Please write out all of the entries beneath this line exactly, skipping the pictures.

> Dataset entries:
※

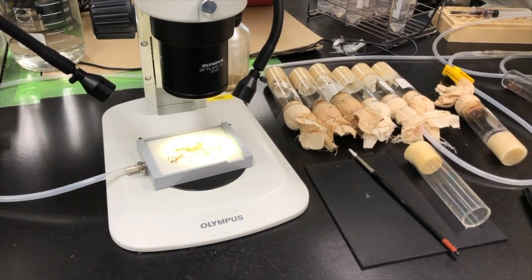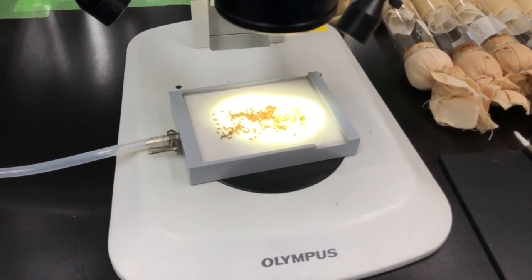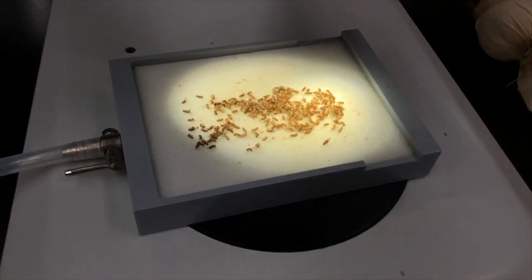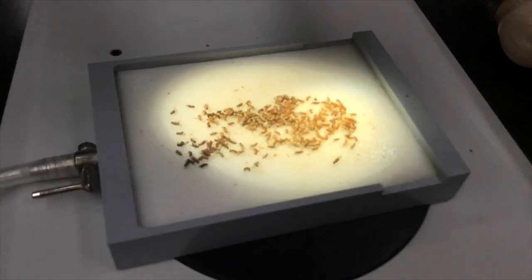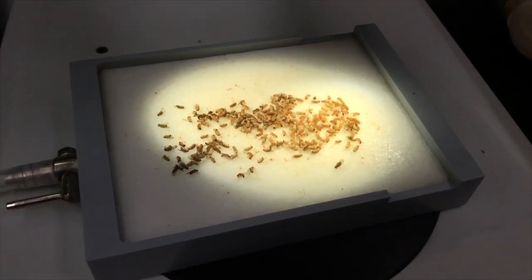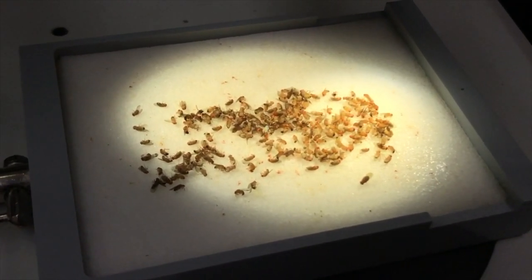After collecting them, we usually anesthetize the flies with carbon dioxide and observe them under a microscope to check species and establish strains for experiments. Net sweeping is a relatively simple method for those who want to collect and observe flies.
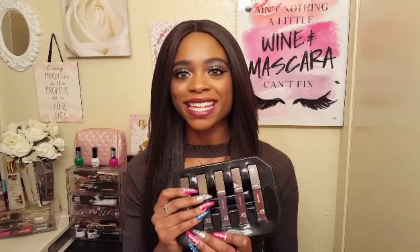Alright, so pigmentation overall — pretty good. Let's talk about how they feel on the lips. They're not sticky. These lip glosses are not sticky. They feel really nice on the lips, not gunky, very lightweight. You can easily top a lip liner or a lipstick with them. And the price — $7.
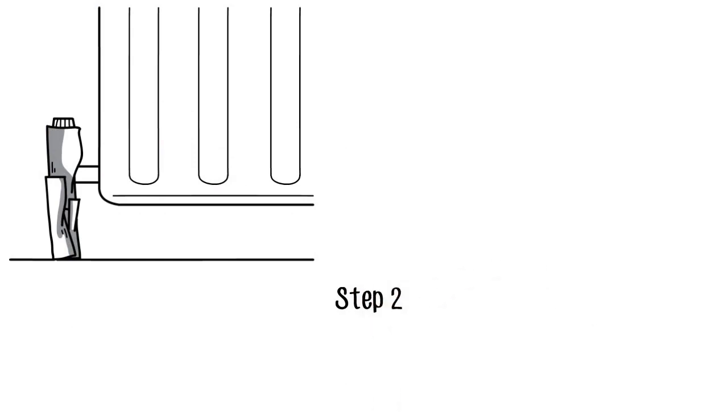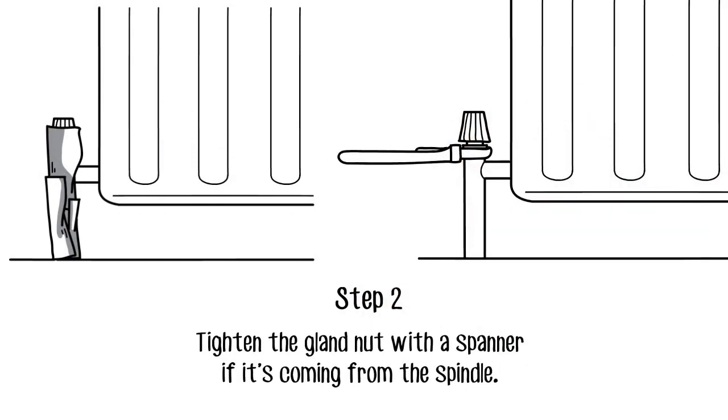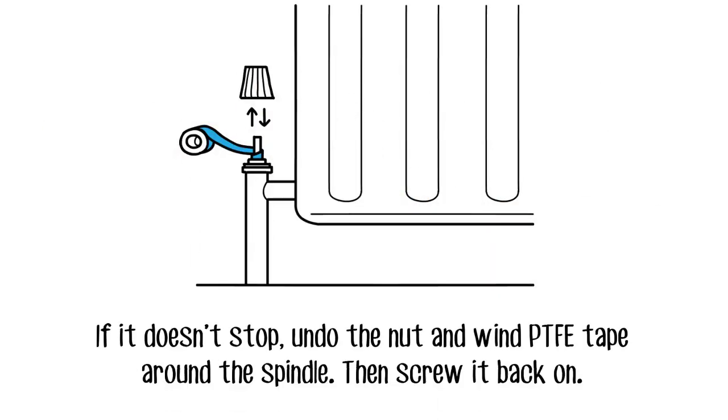If you think the leak's coming from the spindle, tighten the gland nut with a spanner. If it persists, undo the nut and wind PTFE tape around the spindle, then screw it back on.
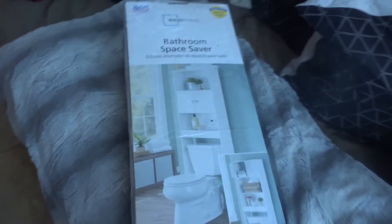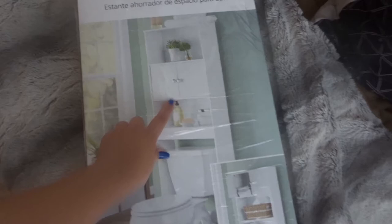It's called a bathroom space saver and I got it from Walmart for $35 — not too bad. It should save me some space and I'll put towels and stuff in there.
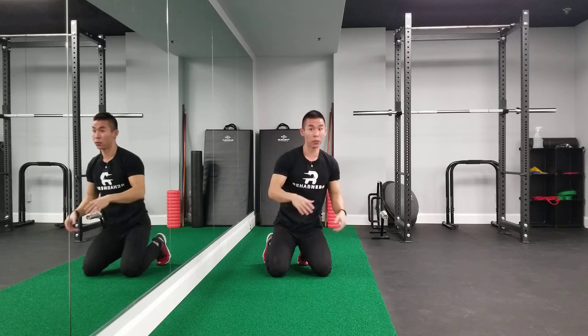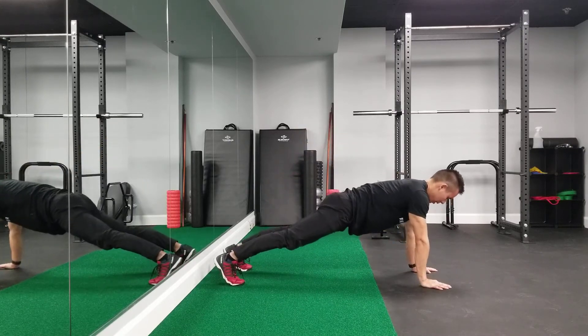Now the hardest version is you go into a full push-up position and do the same thing.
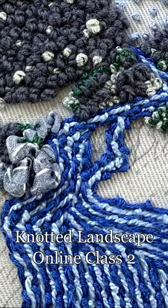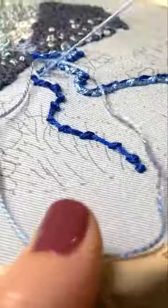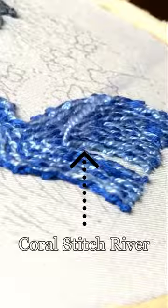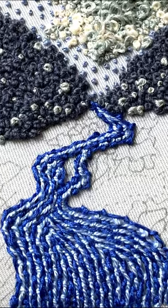The second class of this three-class kit covers the river and rock sections of the artwork. First we will introduce you to coral stitch, also known as German knotted stitch, for a cross between a detached knot and a running stitch.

※

> Exercise output:
After collecting them, we usually anesthetize the flies with carbon dioxide and observe them under a microscope to check species and establish strains for experiments. Net sweeping is a relatively simple method for those who want to collect and observe flies.
Alright, so pigmentation overall — pretty good. Let's talk about how they feel on the lips. They're not sticky. These lip glosses are not sticky. They feel really nice on the lips, not gunky, very lightweight. You can easily top a lip liner or a lipstick with them. And the price — $7.
If you think the leak's coming from the spindle, tighten the gland nut with a spanner. If it persists, undo the nut and wind PTFE tape around the spindle, then screw it back on.
It's called a bathroom space saver and I got it from Walmart for $35 — not too bad. It should save me some space and I'll put towels and stuff in there.
Now the hardest version is you go into a full push-up position and do the same thing.
The second class of this three-class kit covers the river and rock sections of the artwork. First we will introduce you to coral stitch, also known as German knotted stitch, for a cross between a detached knot and a running stitch.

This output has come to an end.